Nova Etapa para a ‘Pirarucu Fujona’
A pirarucu conhecida como “Pirarucu Fujona” agora integra o tanque Rios Grandes no Bioparque Pantanal. A espécie, que ganhou notoriedade após uma tentativa de fuga, passa a receber cuidados especializados. Sua presença reforça as ações de educação ambiental desenvolvidas pelo maior aquário de água doce do mundo.
O tanque Rios Grandes abriga as maiores espécies de peixes do empreendimento, incluindo pintado, cachara, jaú e arraias. Este ambiente planejado garante que o animal viva em condições compatíveis com suas necessidades biológicas e comportamentais. Uma equipe multidisciplinar, composta por médicos-veterinários, biólogos, zootecnistas e outros profissionais, acompanha o bem-estar da pirarucu.

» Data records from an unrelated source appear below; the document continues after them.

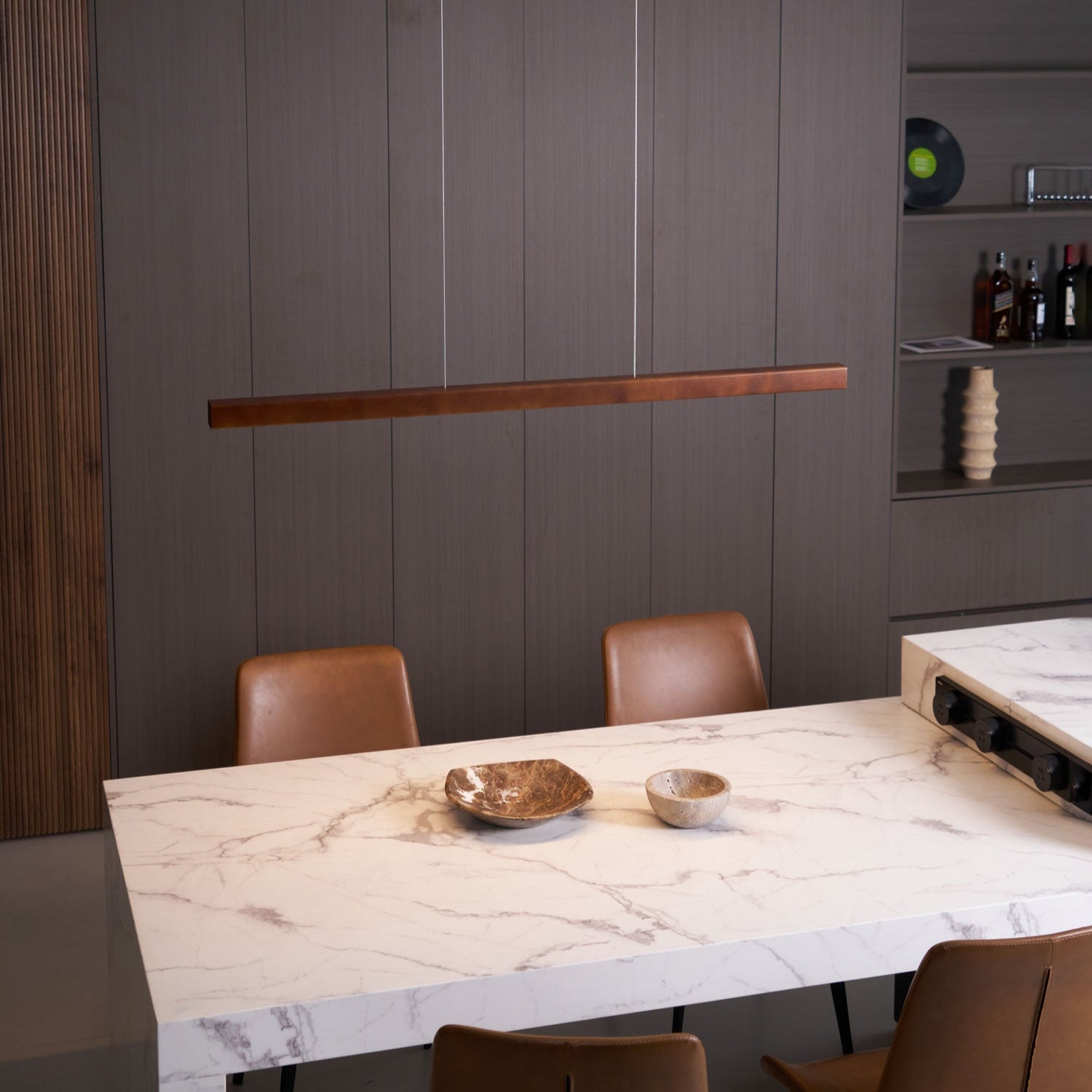 Pendant Light Wood Linear Integrated LED Natural Dining Table Kitchen Island Hanging Ceiling Lamp Japandi Scandinavian | Thomler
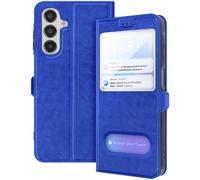 Avizar Étui pour Samsung Galaxy A16 Fenêtre Fonction Support Vidéo Bleu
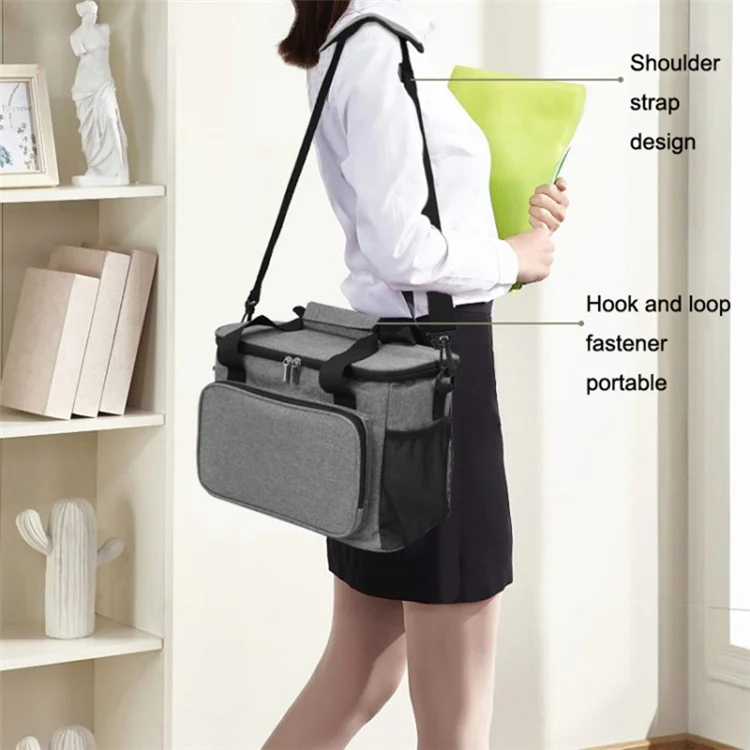Sac isotherme de voyage, sac déjeuner isotherme en toile Oxford 10 L avec bandoulière - Gris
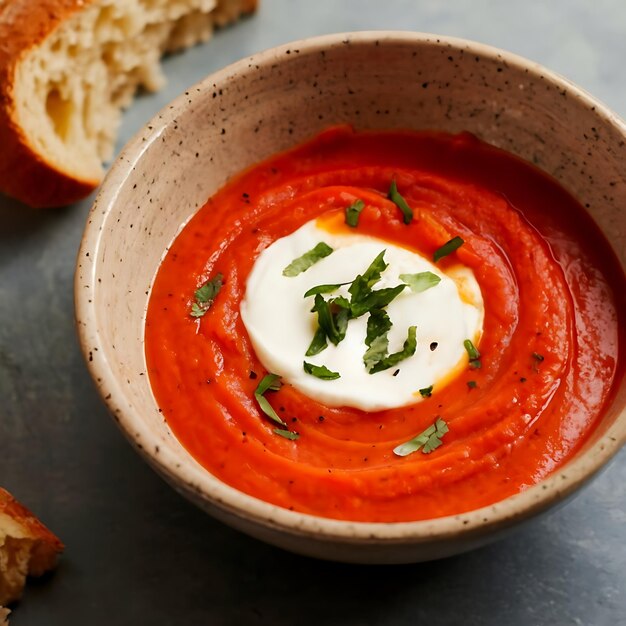 Sopa de creme de tomate Fotografia de alimentos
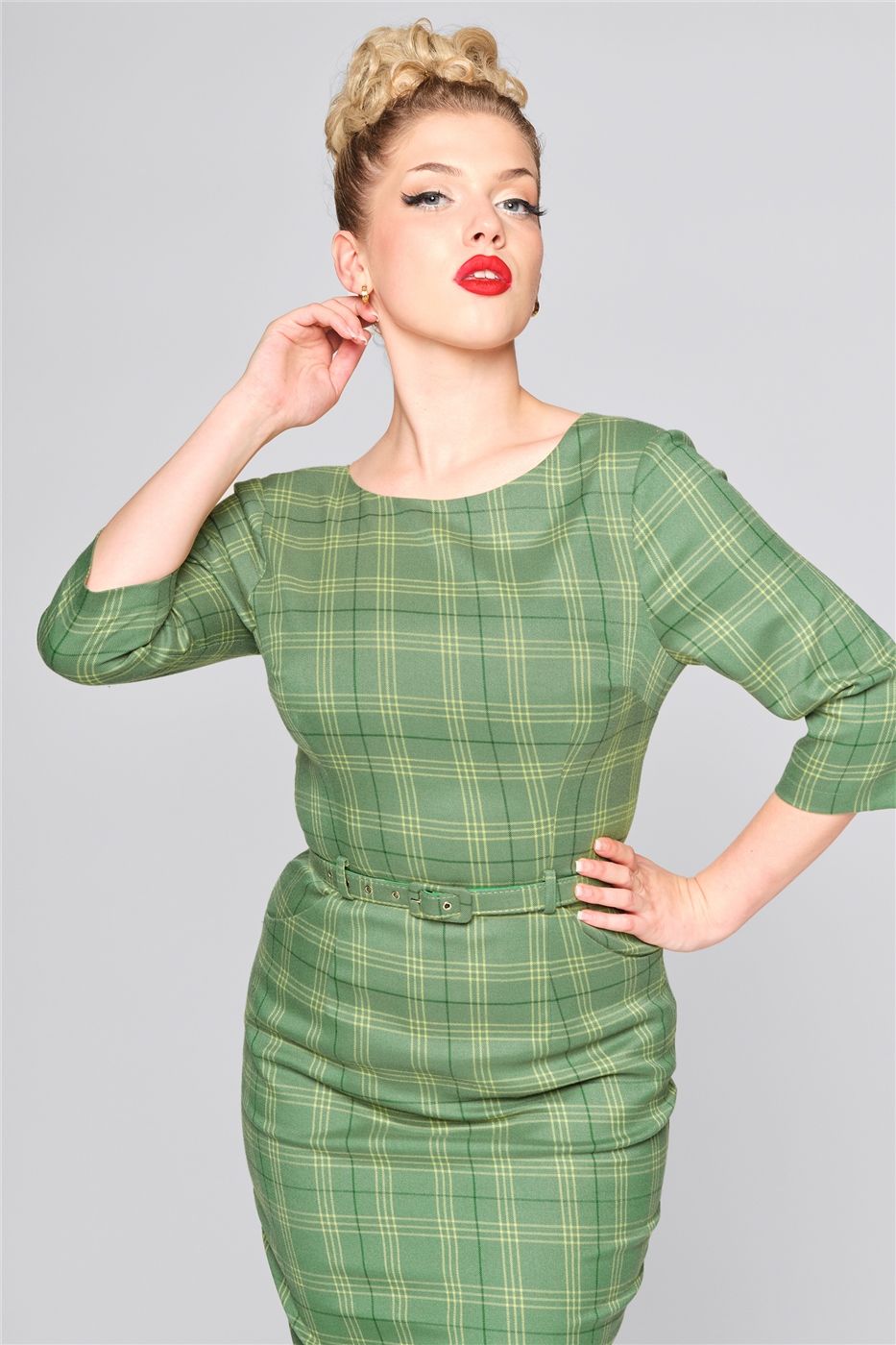 Adeline Leaf Check Pencil Dress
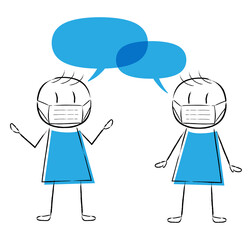 マスクをして会話する人々のベクターイラスト 手描き風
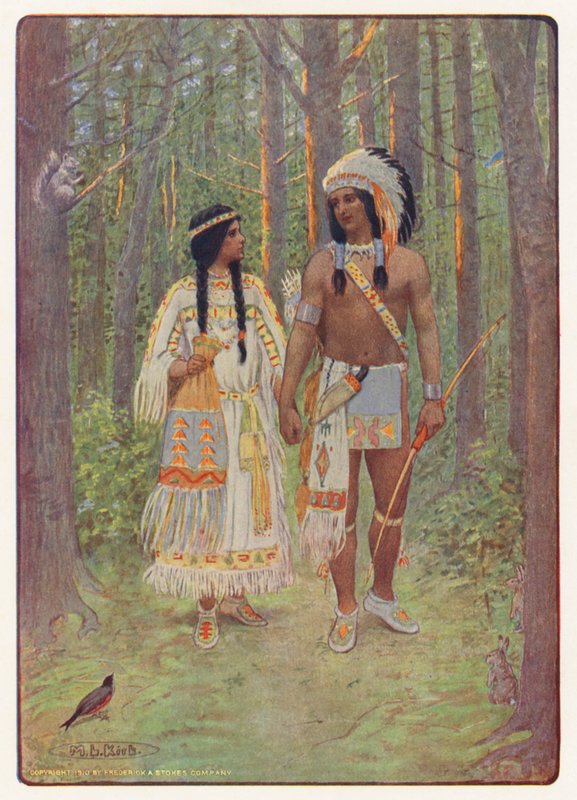 Illustration til Hiawatha af Longfellow (farvelitografi) af Maria Louise Kirk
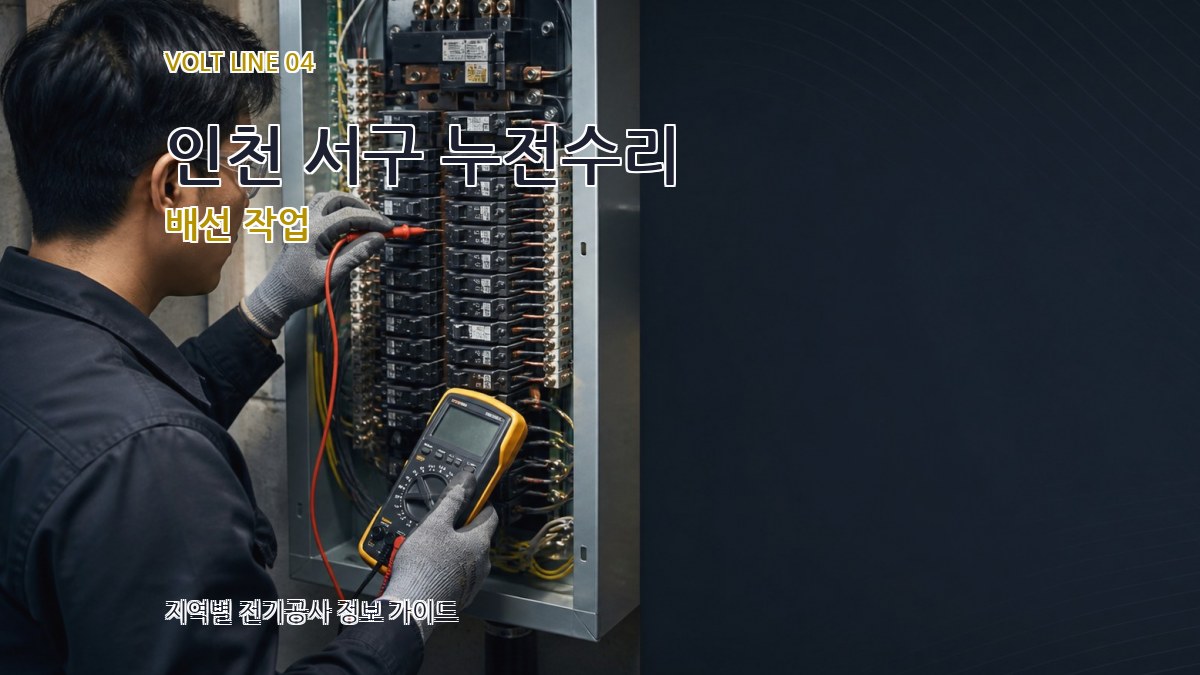 인천 서구 누전수리 배선 작업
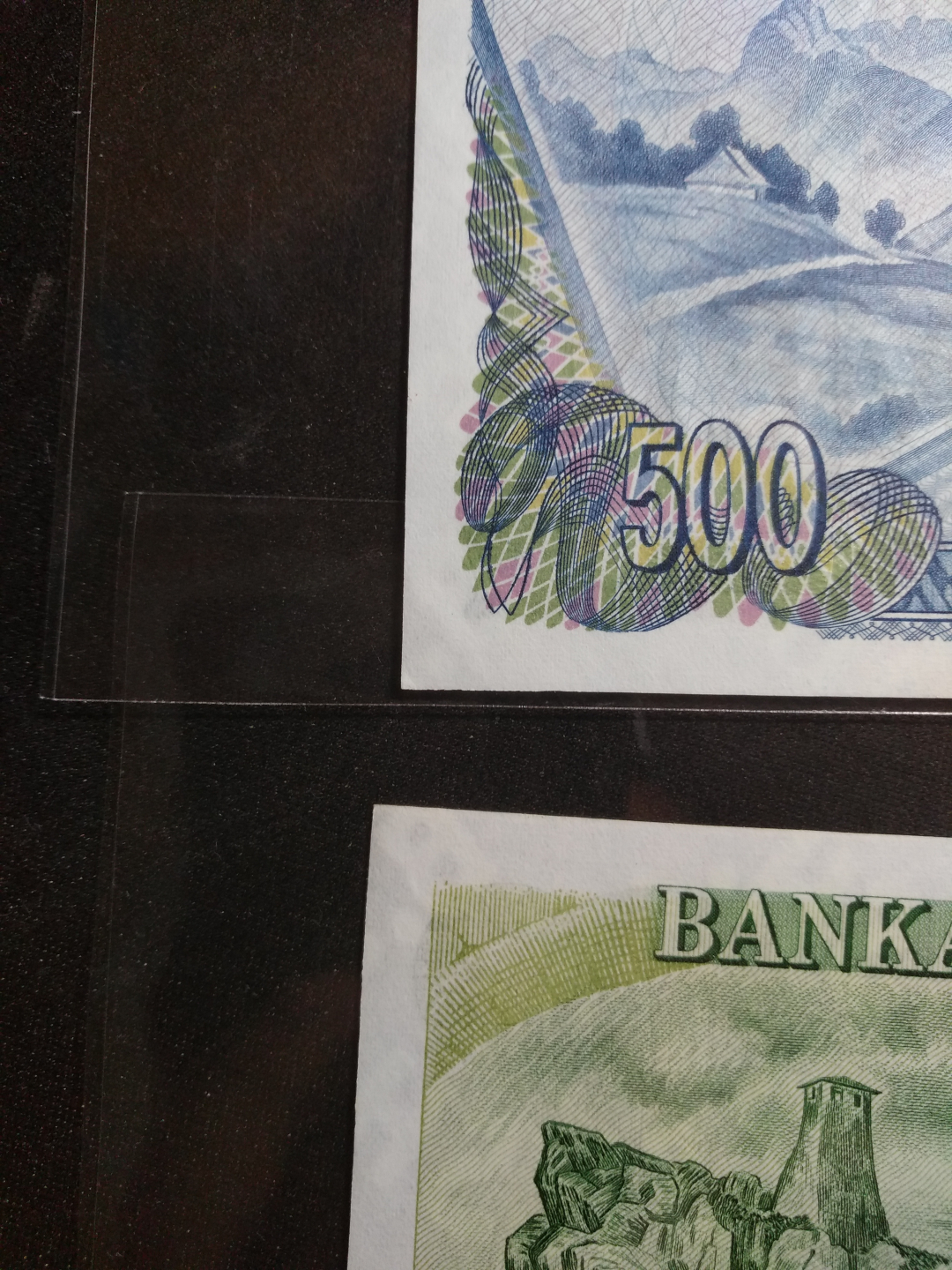 【鲸贝乐淘】千字文·第藏号拍卖 【中国代印】1992年阿尔巴尼亚500和1000元，票样样币，全新全品，500角有小软折，大票幅，精美绝伦，稀少难得，代印瑰宝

Educação Ambiental e Conservação
A diretora-geral do Bioparque Pantanal, Maria Fernanda Balestieri, destaca a importância da “Pirarucu Fujona” para a missão do complexo. “Mais do que uma história curiosa que despertou a atenção e o carinho da população, a chegada do animal representa uma importante oportunidade de sensibilização sobre a fauna aquática, a conservação da biodiversidade e a responsabilidade que todos temos na proteção dos ecossistemas”, afirma Balestieri.
A gestora também aborda o impacto de espécies exóticas ou potencialmente invasoras. “Por meio da educação ambiental, buscamos conscientizar a população sobre a importância da guarda responsável, do descarte adequado de animais e dos riscos ecológicos associados à introdução de espécies em novos habitats. Transformar uma história que chamou a atenção do público em uma ferramenta de aprendizagem é uma das missões do Bioparque Pantanal”, explica.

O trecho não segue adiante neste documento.